TASK TO CARRY OUT: Line by line, repeat the material below exactly and leave the images out.

MATERIAL PROVIDED:
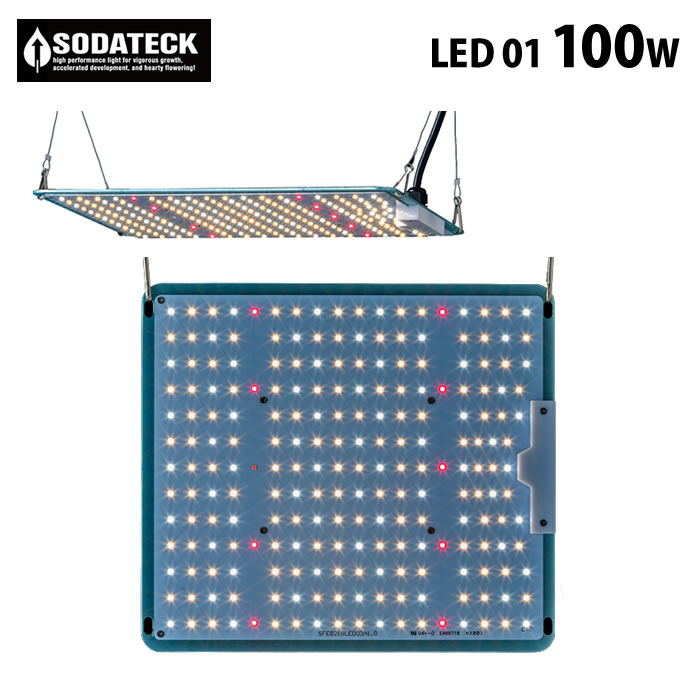 led01_100_700.jpg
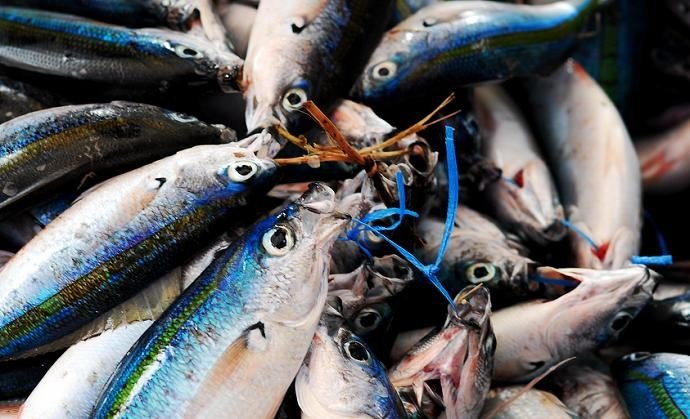 В рыбе с рынков нашли частицы пластика и волокна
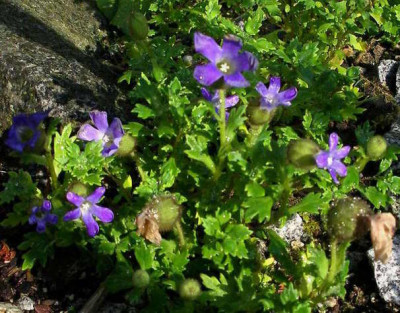 Cyananthus_lobatus_2006-07-21.JPG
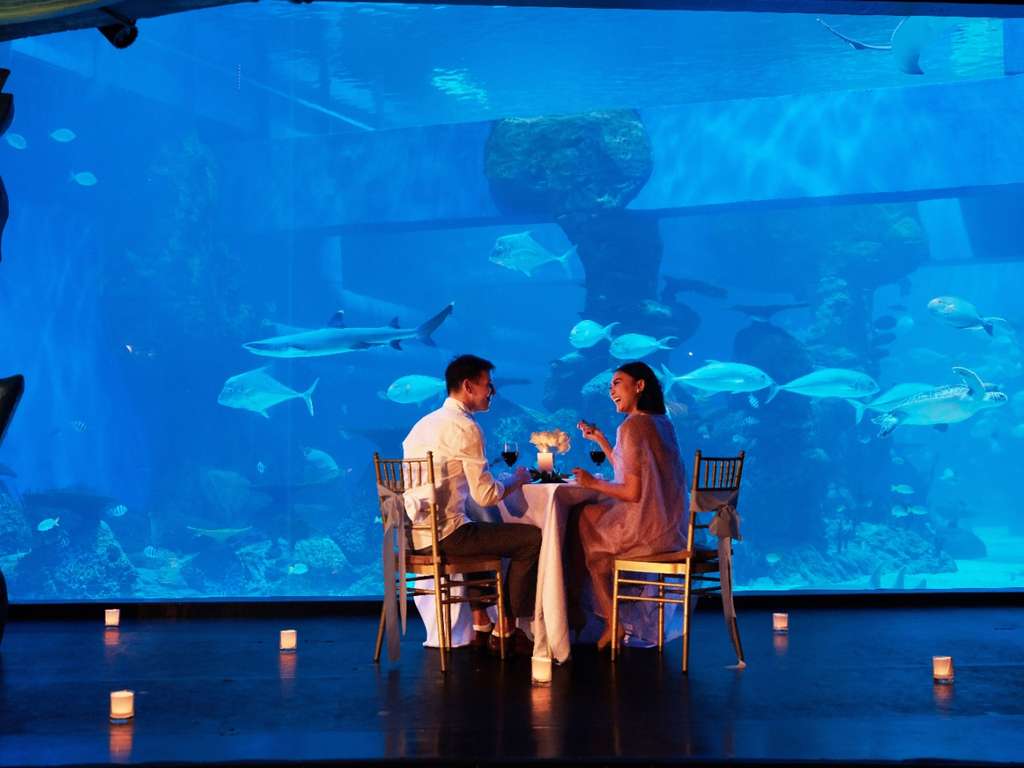 Potret Sensasi Makan Malam Romantis di Bawah Laut, Seru!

TASK RESPONSE:
 led01_100_700.jpg
 В рыбе с рынков нашли частицы пластика и волокна
 Cyananthus_lobatus_2006-07-21.JPG
 Potret Sensasi Makan Malam Romantis di Bawah Laut, Seru!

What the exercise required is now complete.